Sasha Dugdale

Sasha Dugdale

Sasha Dugdale has published five collections of poems with Carcanet, most recently Deformations in 2020 which was shortlisted for the T. S. Eliot Prize and the Derek Walcott Prize. Deformations includes two large-scale works related in their preoccupation with biographical and mythical narrative. 'Welfare Handbook' explores the life and art of Eric Gill, the well-known English letter cutter, sculptor and cultural figure, who is known to have sexually abused his daughters. The poem draws on material from Gill's letters, diaries, notes and essays as part of a lyrical exploration of the conjunction between aesthetics, subjectivity and violence. 'Pitysad' is a series of simultaneously occurring fragments composed around themes and characters from Homer's Odyssey. It considers how trauma is disguised and deformed through myth and art. Acting as a bridge between these two works is a series of individual poems on the creation and destruction of cultural and mythical conventions.

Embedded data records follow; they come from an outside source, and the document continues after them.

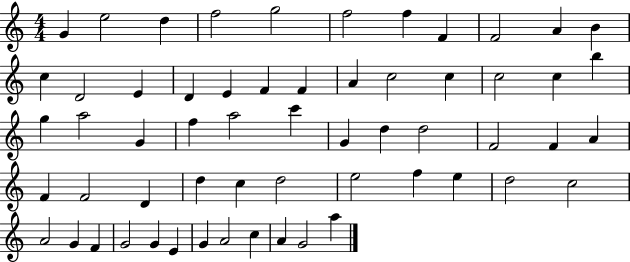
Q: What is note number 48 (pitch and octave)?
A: A4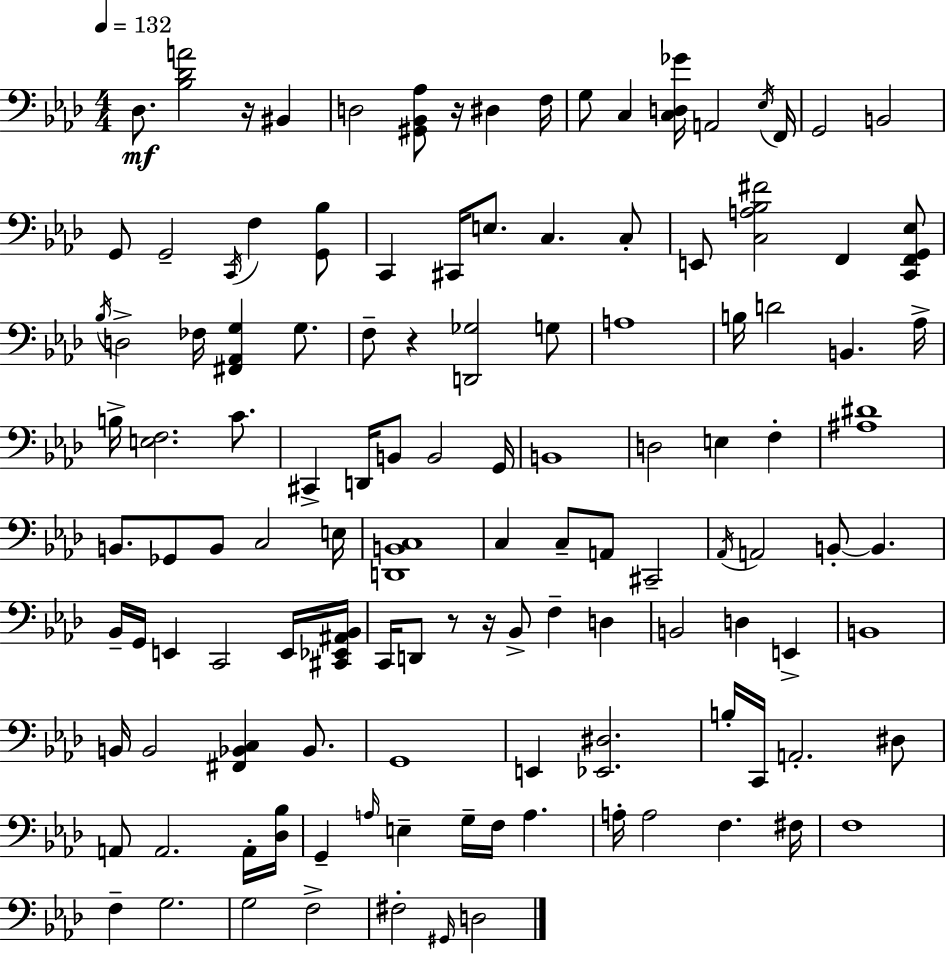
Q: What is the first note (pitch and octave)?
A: Db3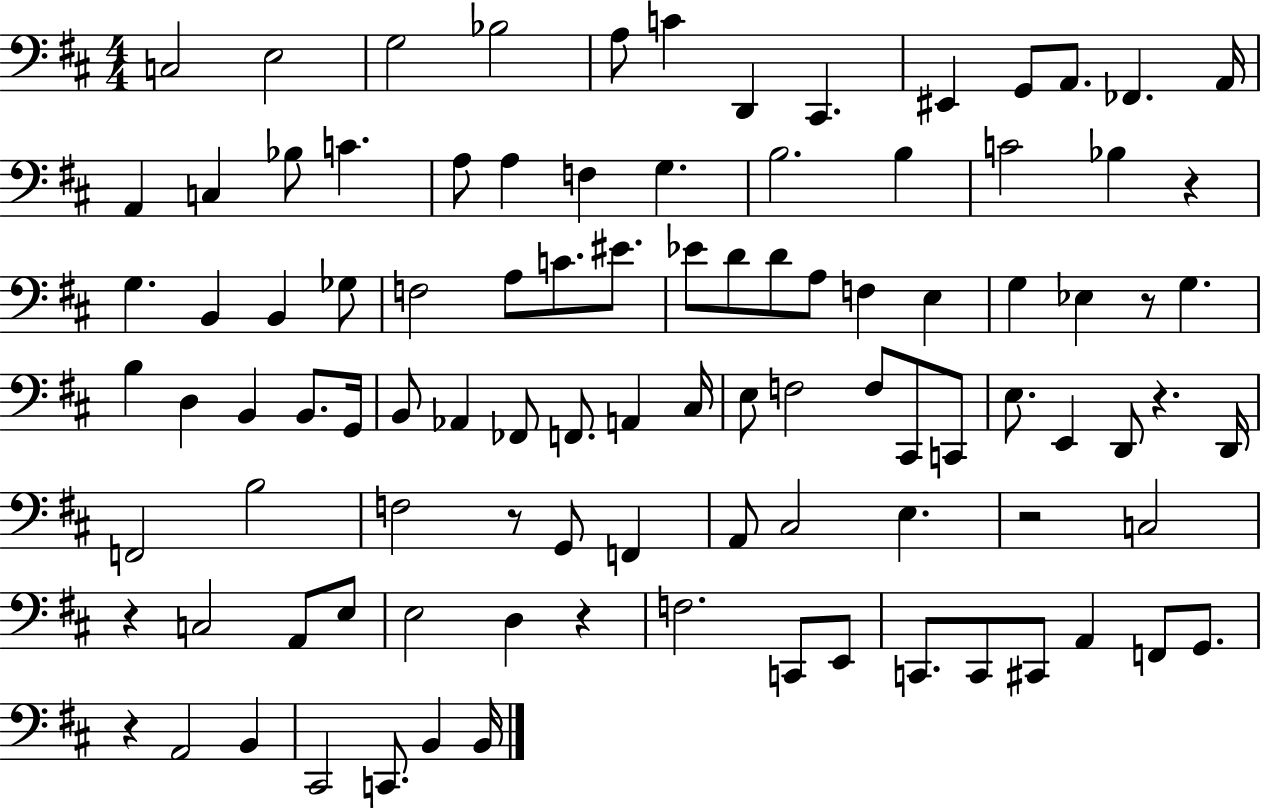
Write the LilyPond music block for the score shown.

{
  \clef bass
  \numericTimeSignature
  \time 4/4
  \key d \major
  \repeat volta 2 { c2 e2 | g2 bes2 | a8 c'4 d,4 cis,4. | eis,4 g,8 a,8. fes,4. a,16 | \break a,4 c4 bes8 c'4. | a8 a4 f4 g4. | b2. b4 | c'2 bes4 r4 | \break g4. b,4 b,4 ges8 | f2 a8 c'8. eis'8. | ees'8 d'8 d'8 a8 f4 e4 | g4 ees4 r8 g4. | \break b4 d4 b,4 b,8. g,16 | b,8 aes,4 fes,8 f,8. a,4 cis16 | e8 f2 f8 cis,8 c,8 | e8. e,4 d,8 r4. d,16 | \break f,2 b2 | f2 r8 g,8 f,4 | a,8 cis2 e4. | r2 c2 | \break r4 c2 a,8 e8 | e2 d4 r4 | f2. c,8 e,8 | c,8. c,8 cis,8 a,4 f,8 g,8. | \break r4 a,2 b,4 | cis,2 c,8. b,4 b,16 | } \bar "|."
}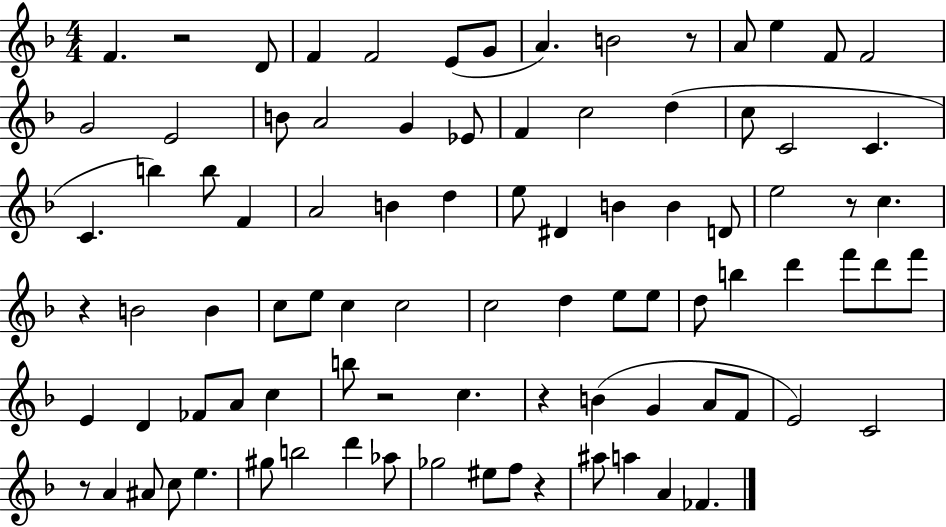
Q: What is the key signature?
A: F major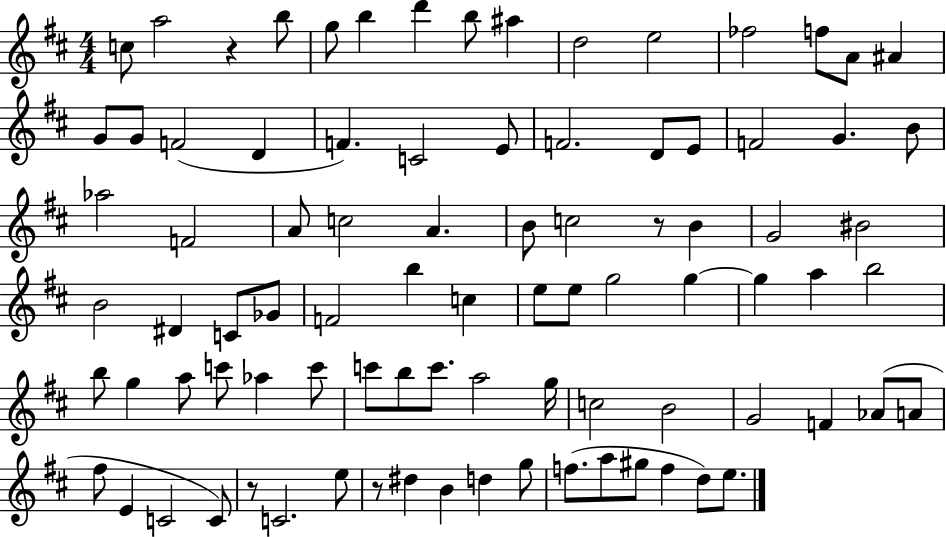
X:1
T:Untitled
M:4/4
L:1/4
K:D
c/2 a2 z b/2 g/2 b d' b/2 ^a d2 e2 _f2 f/2 A/2 ^A G/2 G/2 F2 D F C2 E/2 F2 D/2 E/2 F2 G B/2 _a2 F2 A/2 c2 A B/2 c2 z/2 B G2 ^B2 B2 ^D C/2 _G/2 F2 b c e/2 e/2 g2 g g a b2 b/2 g a/2 c'/2 _a c'/2 c'/2 b/2 c'/2 a2 g/4 c2 B2 G2 F _A/2 A/2 ^f/2 E C2 C/2 z/2 C2 e/2 z/2 ^d B d g/2 f/2 a/2 ^g/2 f d/2 e/2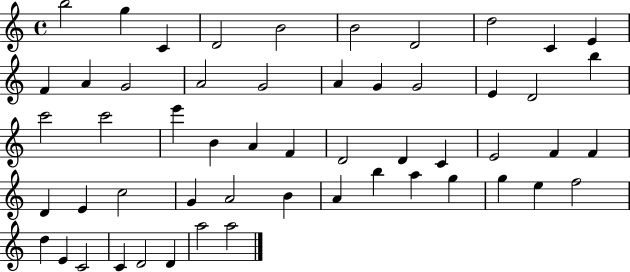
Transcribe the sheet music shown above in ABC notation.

X:1
T:Untitled
M:4/4
L:1/4
K:C
b2 g C D2 B2 B2 D2 d2 C E F A G2 A2 G2 A G G2 E D2 b c'2 c'2 e' B A F D2 D C E2 F F D E c2 G A2 B A b a g g e f2 d E C2 C D2 D a2 a2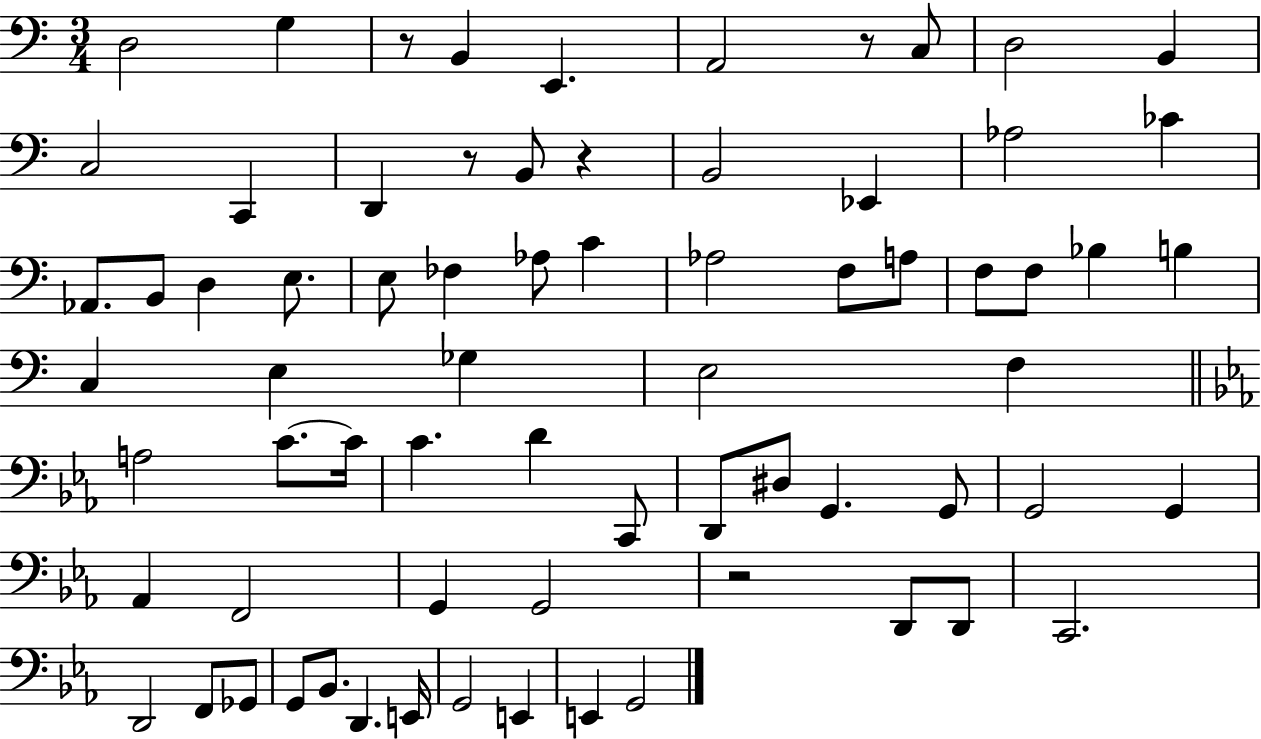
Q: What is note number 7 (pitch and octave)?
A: D3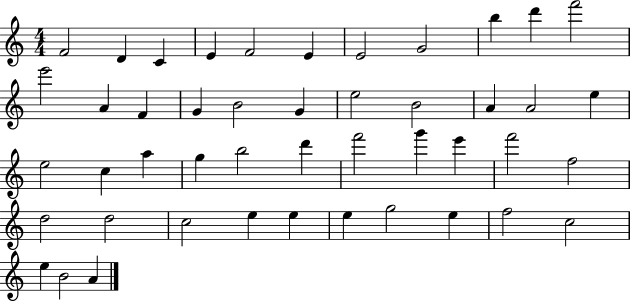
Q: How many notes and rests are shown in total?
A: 46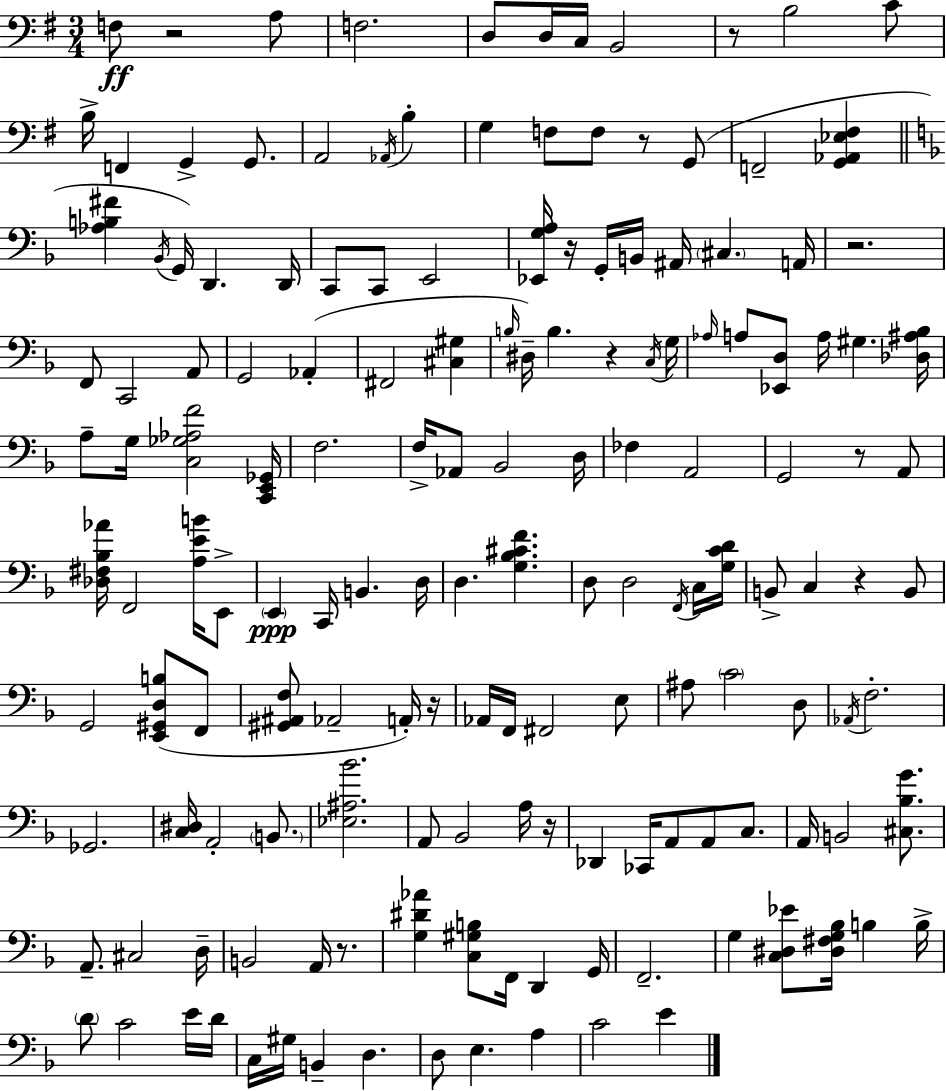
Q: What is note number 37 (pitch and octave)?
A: G2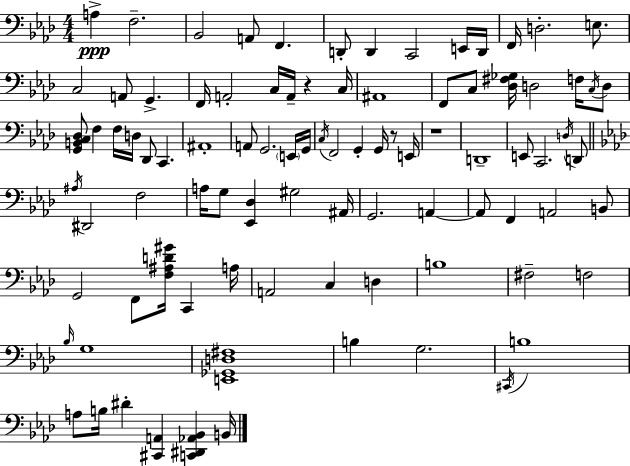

In 2016 Sasha won the Forward Prize for Best Single Poem for her long poem ‘Joy’, a monologue spoken by William Blake’s widow, Catherine, in which she meditates on the nature of grief and loss in an artistic and creative partnership. The piece was read by actor Linda Bassett at Ledbury and Winchester Poetry Festivals. Sasha Dugdale is a translator of poetry, plays and prose. Her translations of Russian new drama have been staged in theatres in the UK and US, including the Royal Court and Royal Shakespeare Company. Her translations of contemporary Russian women poets, including Elena Shvarts, are published by Bloodaxe Books. The most recent of these, War of the Beasts and the Animals, by Maria Stepanova was published in 2021 and is a Poetry Book Society Translation Choice, as well as winning a PEN Translates Award. Her prose translation of In Memory of Memory (Fitzcarraldo Editions), also by Maria Stepanova, was shortlisted for the International Booker in 2021. Dugdale is former editor of Modern Poetry in Translation and poet-in-residence at St John’s College, Cambridge (2018-2021).